Vera Cruz: Falta de estrutura da polícia chega a revoltar

Nesta segunda-feira (02), o delegado da Ilha de Itaparica concedeu uma entrevista ao repórter Reginaldo Silva, da Andaiá FM, na qual contou detalhes sobre a troca de tiros que houve na praia de Barra Grande, entre dois menores de idade, numa briga de gangues e também sobre o afogamento que vitimou duas pessoas também em Barra Grande. Duas coisas nos chamaram muito a atenção: o fato de um menor apelidado Boneco Assassino, por já ter assassinado duas pessoas na ilha e ainda cometido vários crimes contra a pessoa e contra o patrimônio, estar como se diz “tocando o terror” na ilha, inclusive chefiando uma gangue de tráfico de drogas. Outro fato interessante na fala do delegado foi a questão do resgate do rapaz afogado, que depende da boa vontade de pescadores em encontrar o corpo boiando e trazer de volta do mar.

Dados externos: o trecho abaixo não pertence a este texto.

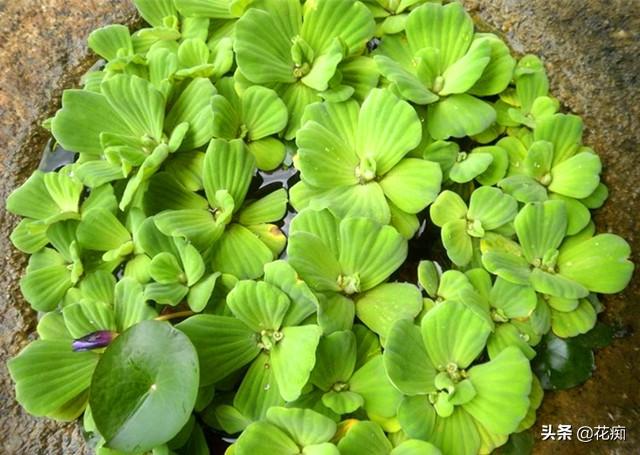 水芙蓉，扔水里就活，1棵轻松变一片，养在鱼缸很好看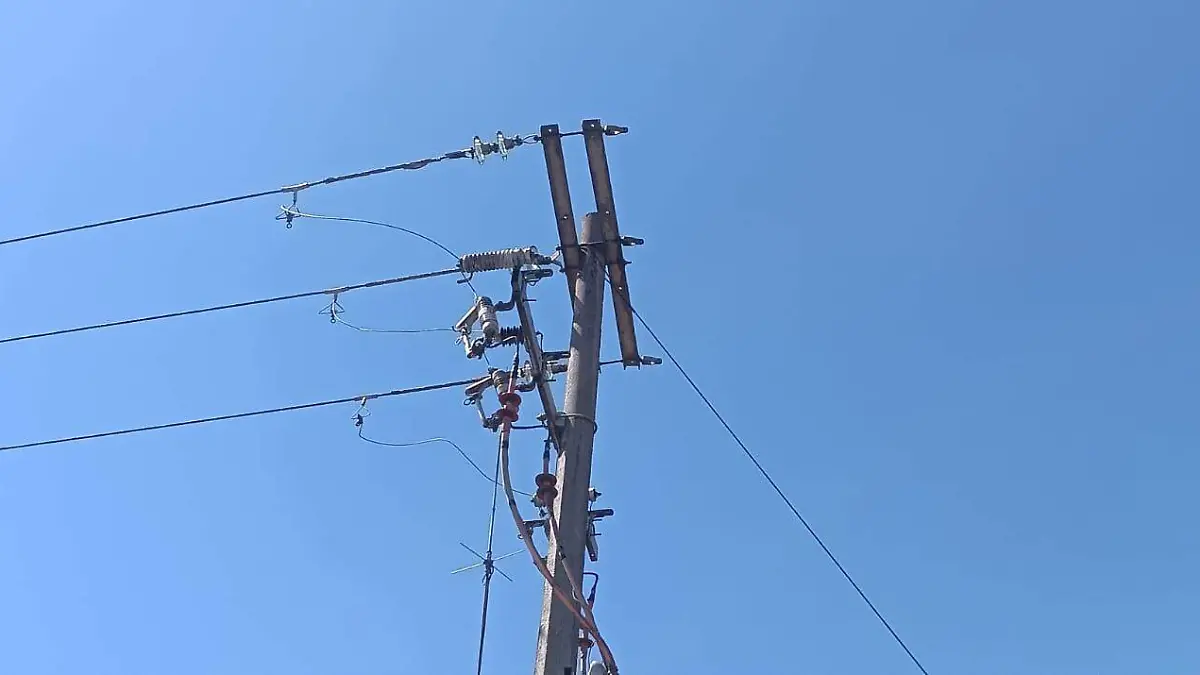 WhatsApp Image 2026-02-04 at 12.31.14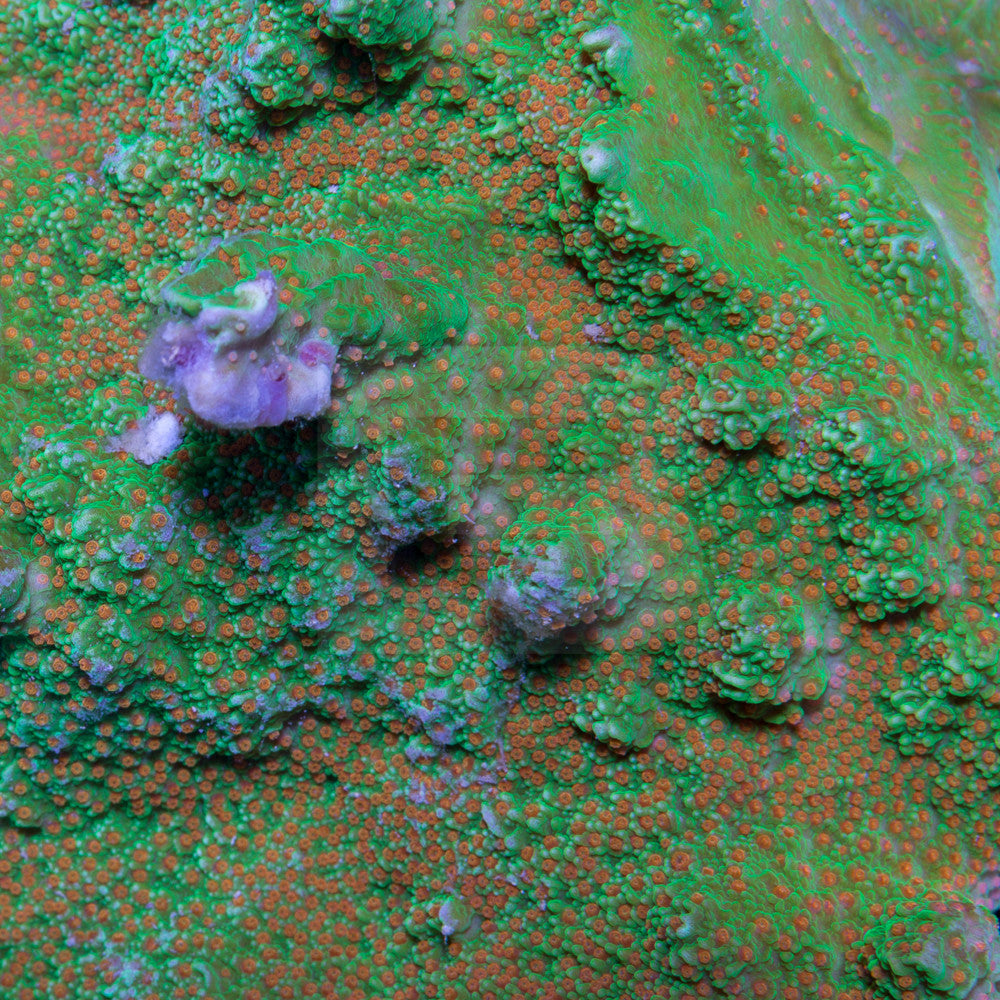 product.featured_image.alt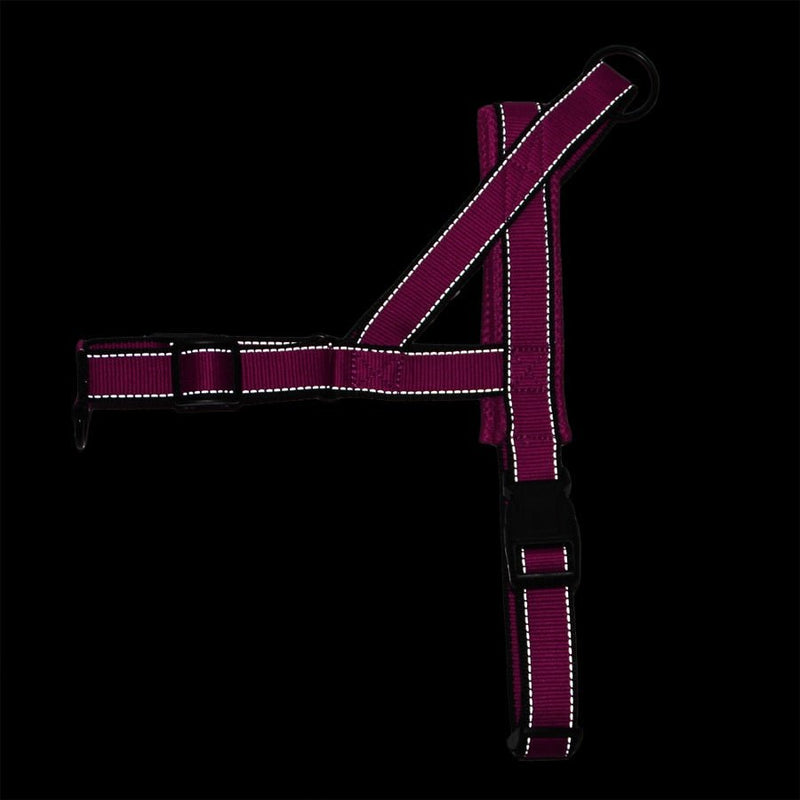 Adjustable Dog Harness - Carbone&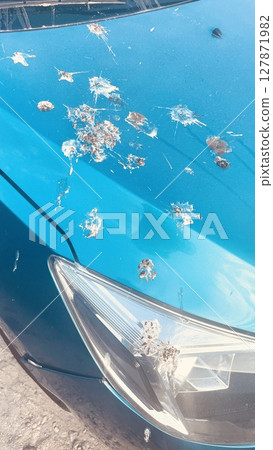A bright blue car covered in bird droppings, a sign of incoming money 127871982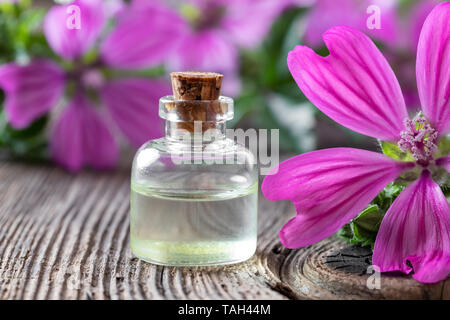 Une bouteille d'huile essentielle avec la mauve Malva sylvestris fleurs fraîches Banque D'Images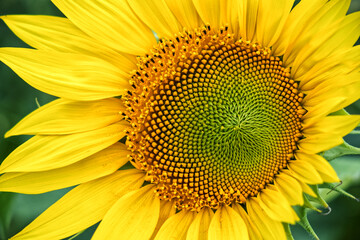 Single sunflower flower on a blurred background, close-up.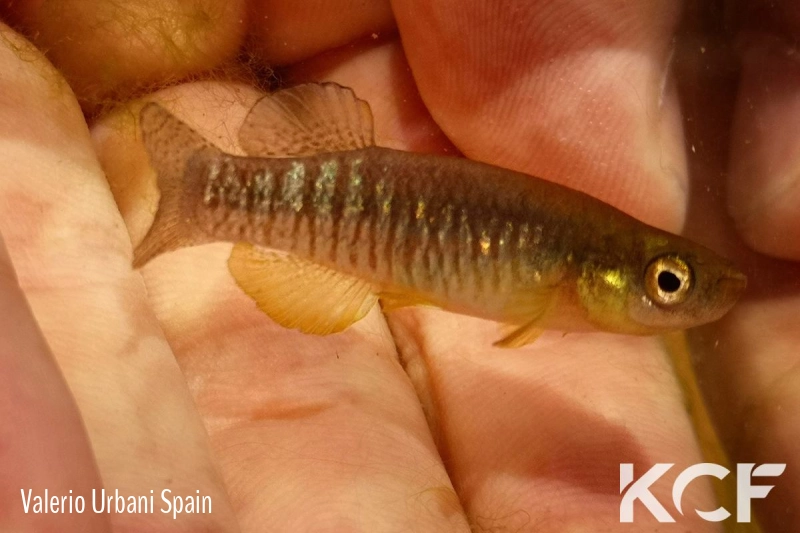 Valencia letourneuxi Lac Butrint-Albanie male adulte 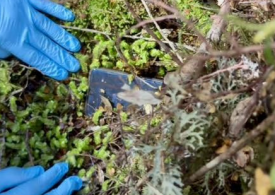 Missing backpacker’s phone found two YEARS after mystery disappearance sparking fresh search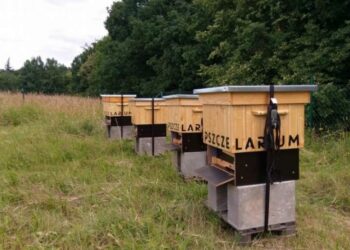 Brawo CH Osowa!!! Przy centrum handlowym powstała pasieka miejska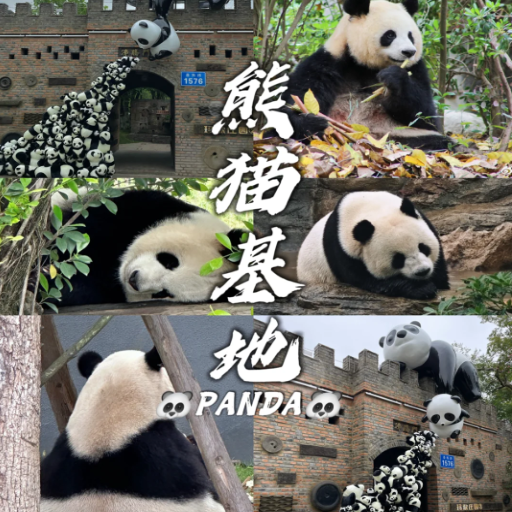 How to See Pandas in Chengdu: Planning Your Panda Tour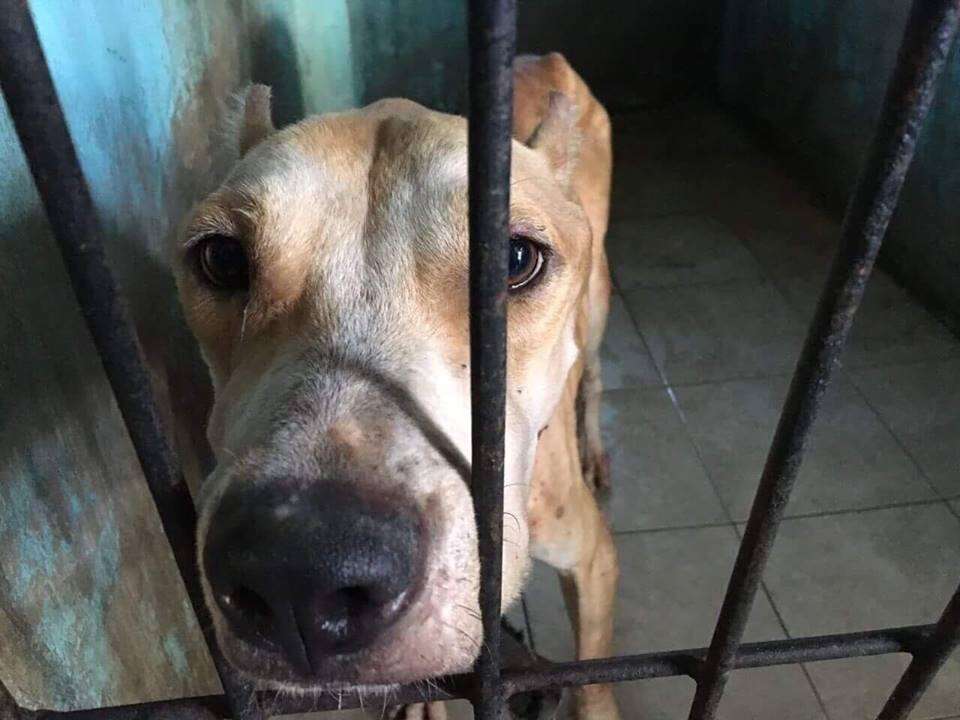 TinTin the pit bull nearly starved to death in Bali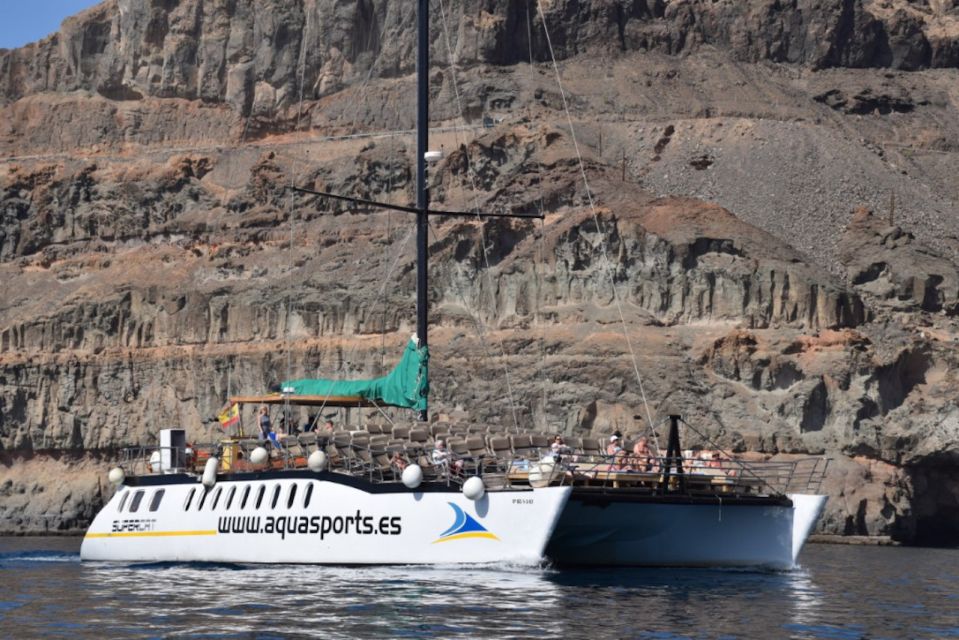 Puerto Rico : 2 hour Dolphin Catamaran Excursion - Who This Dolphin Catamaran Is Best For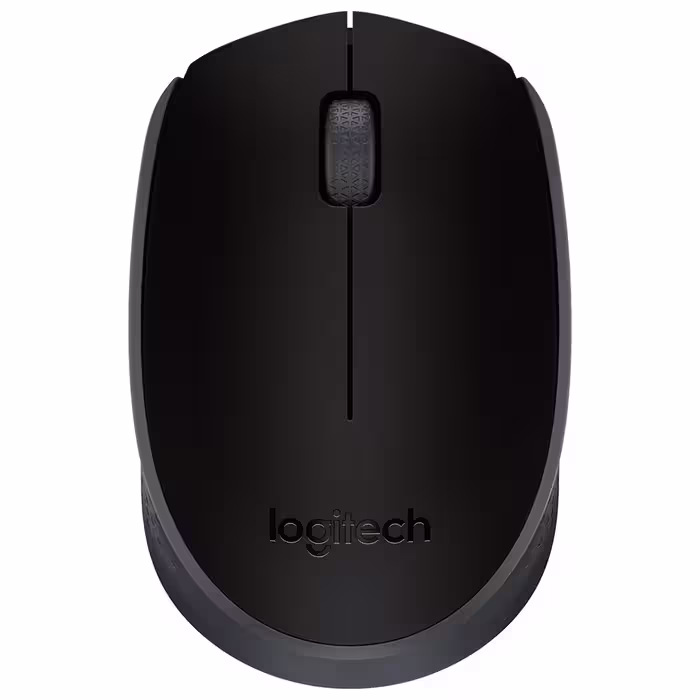 موس بی سیم لاجیتک M171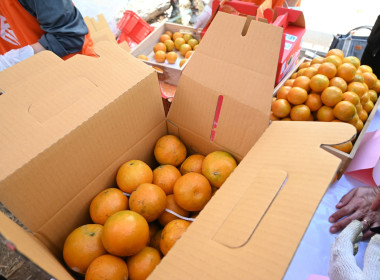 คณะผู้บริหารฯ ลงพื้นที่เยี่ยมกลุ่มเกษตรกรทำไร่โป่งน้ำร้อน พารามิเตอร์รูปภาพ 82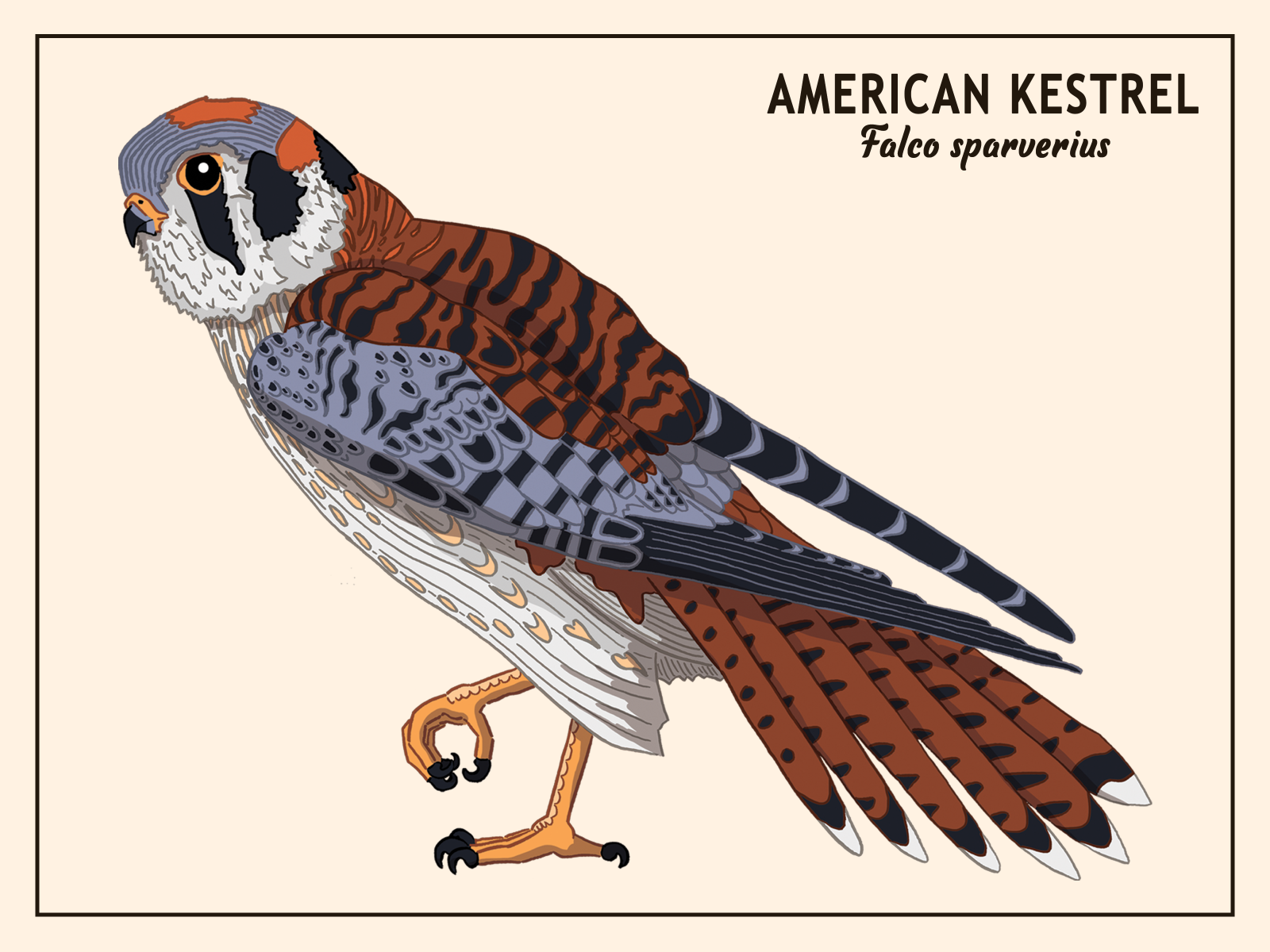 American Kestrel by Riley O. Brown on Dribbble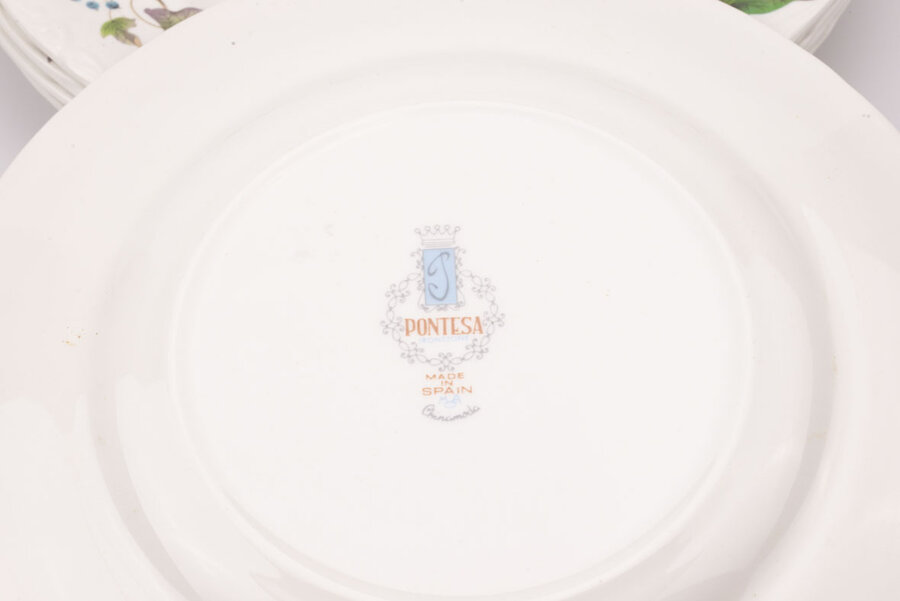 5 assiettes plates vintage Pontesa bordure motif floral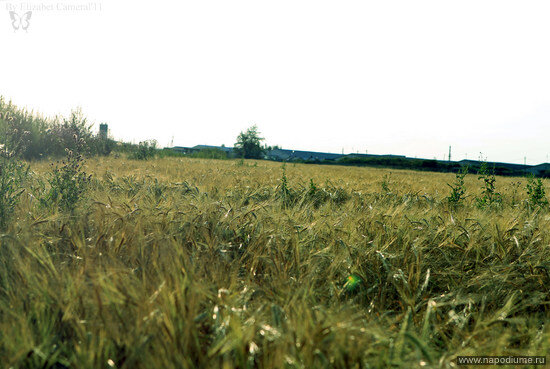Фото Elizabet Стебунова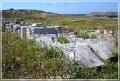 delos_30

São 36 quilômetros de praia e a polícia local não conta com lanchas, mergulhadores, materiais e profissionais que possam fazer o resgate das pessoas sofrerem afogamentos na ilha de Itaparica. Neste período do ano, a população da ilha triplica, devido aos veranistas, o que acarreta vários transtornos, como a falta de policiais, que acabam não tirando folga neste momento para suprir a demanda de policiais na ilha. Agora, vem a pergunta: O que a Secretaria de Segurança Pública está fazendo pela ilha de Itaparica? Será que a ilha só irá melhorar depois da construção da ponte? São questionamentos que ficam no ar, esperando resposta da Secretaria de Segurança Pública do Estado da Bahia.